The result should be the listing below restated word for word, with images left out.

Start of DATA

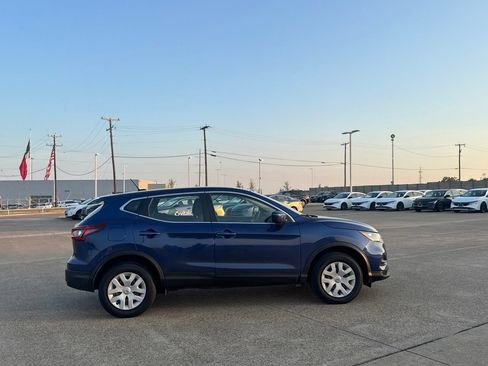 Used 2020 Nissan Rogue Sport S FWD image 29
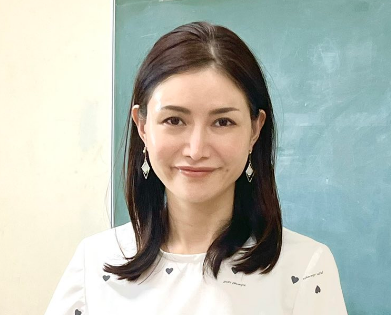 山口真由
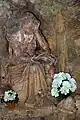 Statue de la Madeleine, au fond d’une grotte artificielle. Notez le crâne sous le crucifix qu’elle tient en main.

End of DATA

RESPONSE TO THIS TASK -
 Used 2020 Nissan Rogue Sport S FWD image 29
 山口真由
 Statue de la Madeleine, au fond d’une grotte artificielle. Notez le crâne sous le crucifix qu’elle tient en main.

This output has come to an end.